When you scroll to the second frame of the homepage, you can notice Facebook, Twitter and Google+ buttons along with the sharing stats. Would it provide more social proof of the value of the site to mention this at the top of the homepage? Would this confirm the belief that the lingerie products are popular?
How many different options are fighting for your attention?
In the above screenshot, I am asked to leave a message, shop the collection twice and like the website on Facebook to get loyalty points. Could the variety of options possibly confuse me as a visitor and reduce the likeliness of me going to the second page?
This is in no way uncommon. If you look at various eCommerce websites, you might notice how few manage to focus on one message or one clear call-to-action on every frame as you scroll down.
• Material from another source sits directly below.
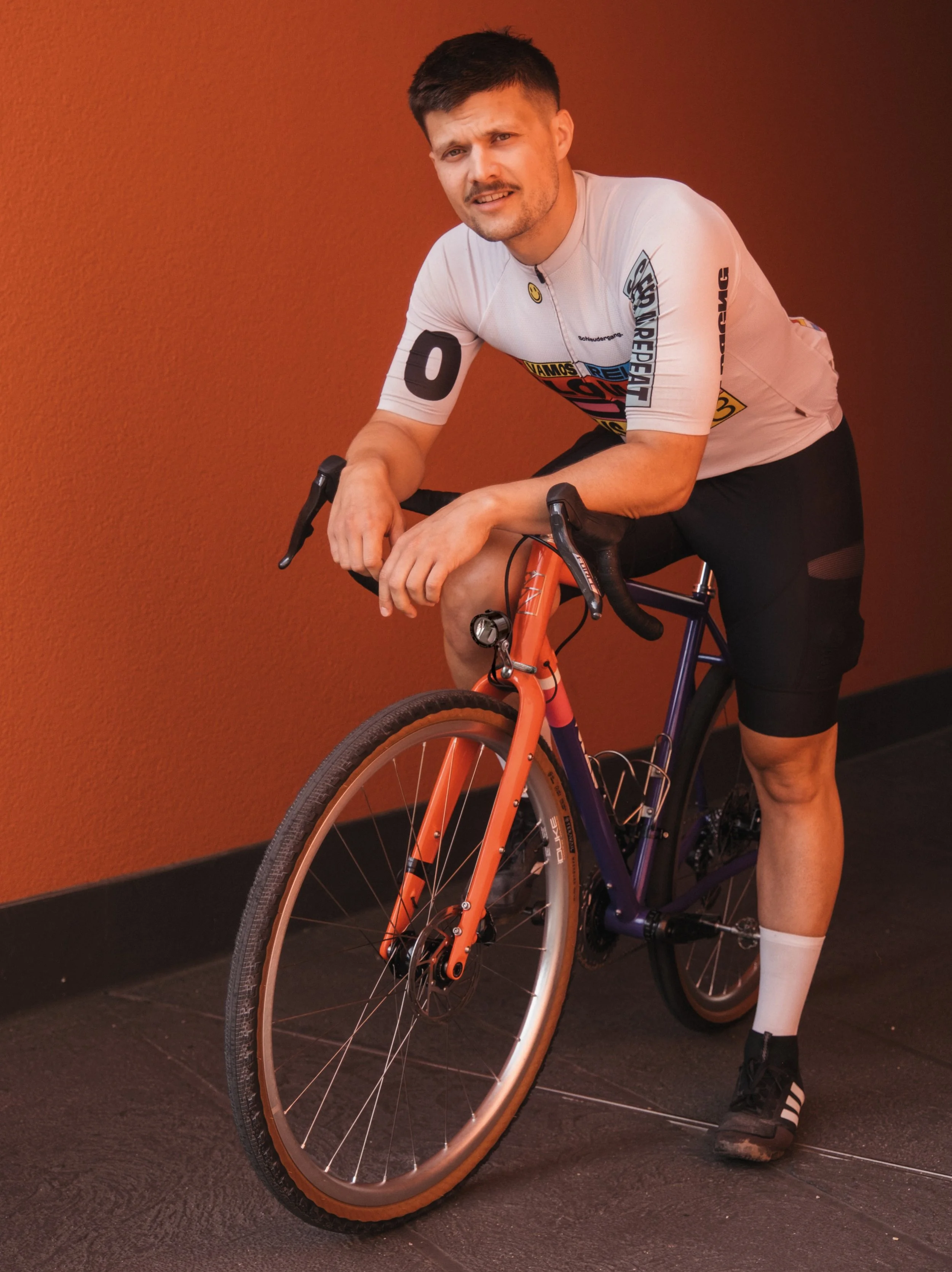 &bdquo;Hey, ich bin Fritjof und ich fahre sehr viel Fahrrad. Im Alltag, in der Freizeit, eigentlich immer. Wo andere sich ihr erstes Auto kaufen, habe ich mir jetzt mein erstes richtiges Rad geg&ouml;nnt. Es ist aber noch nicht ganz fertig, vielleich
What is the best call to action?
Is “Shop The Collection” the text that will convert the most visitors? It could very well be; however, if you do not test it, how will you know for sure? If you just drive traffic to the page, and this will be one of the frames, it might be worthwhile to test other words like “buy this now” or “get this look”.
Which options can you remove?
When you get to the bottom frame of the website, what is the ideal action that visitors should take? In this frame, you might think that the most desired action is either “shop the collection” or sign up for the “newsletter”. Having both of them in the same frame can reduce your conversion. So the question might be, which of the two should you focus on? Which is the best from a sales point of view?
If you choose to keep both, why should I sign up to the newsletter? The text reads, “join thousands of others who subscribe to our news”. What news is that? What benefit is it to me?
How fast is it to buy?
After I click “shop the collection”, I get to this page. Where are the buying buttons, and where on the image is there a clear call to action for me to take advantage of? It might sound minor, but not having this in place increases the buying journey and can frustrate visitors causing them to leave.
How Clearly Do You Ask Visitors To Buy?
Although the add to cart options come up when you scroll over the pictures, would it help conversion to test a clear “buy now” option underneath each picture? Normally, directing with words and design can help steer your visitors to take the actions you want.
Is your website free of technical bugs?
I tried adding “Gabriele” to the shopping cart and was left with the rotating image shown above. It should not take more than a second to add an item to a shopping cart. If it takes longer, you can assume that it frustrates buyers to the point of leaving. At the time of writing, I waited a bit more than two minutes, and also tried to add other items to the cart with no luck.
The consequence as a visitor might be to leave the site. For the owner of this website, if this error happens to more buyers than just me, it could mean the undetected loss of thousands.
Unfortunately, for this particular website, there are more problems:
As this traffic test on GT metrix confirms, the site loads in 5.48 seconds. Since the site has not fully loaded after 2 seconds, this can cause many visitors to simply leave. This might sound minor, but it can account on a 7 percent reduction in conversion per second.
This website is in no way special. Every website has their own problems which can be traced to coding, sales flow, copy, and design. Therefore, before you decide to spend any money on Adwords, it would be wise to review your website from the customer’s point of view and fix any and all errors which common sense dictates would reduce sales.
That does not mean that the job has to be done in one go. Ideally, your Adwords campaign should, as its secondary goal, collect data and test key assumptions. This can be done by driving traffic to a series of A/B tests so that enough information can be gained to ensure long-term wins.